Con lui in panchina i biancorossi vennero promossi in Serie B giocando in modo spettacolare e ultra offensivo

Il libro è una canzone senza fine. Paolo Rossi, il meglio del pallone targato anni Ottanta, fu lanciato e formato da Fabbri, lo invitava a caccia o a cena una settimana sì e l'altra pure, come tanti altri suoi adepti del resto. Pane fatto in casa, salame, vino buono, i fagiani o la lepre del giorno. Anche questo era Gibì Fabbri. Un uomo che si era fatto tutto da solo, con l'aiuto di Irene, una moglie splendida.

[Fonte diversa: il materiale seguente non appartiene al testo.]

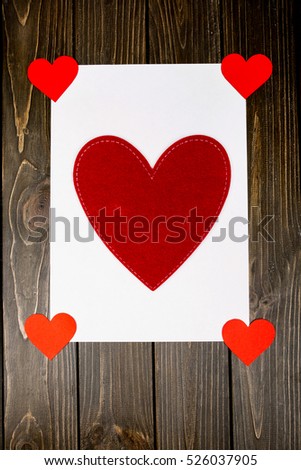 Large red cloth heart lies on white card on wooden table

Fabbri è di tutto e di più. Proprio come il piacere di scrivere questa recensione che è poi un tuffo nel passato. Ed è consolatorio, ancora oggi leggere in un volume le testimonianze di coloro che Gibì ha fatto grandi: Giancarlo Marocchi, Adelio Moro, Giorgio Carrera, ma anche Capello, Bagnoli, l’Ascoli e il vulcanico presidente Rozzi, il Bologna di Gino Corioni, il Piacenza e i tanti, tantissimi giocatori che da lui hanno appreso i fondamentali di un calcio nuovo. Puro, ma maledettamente straordinario.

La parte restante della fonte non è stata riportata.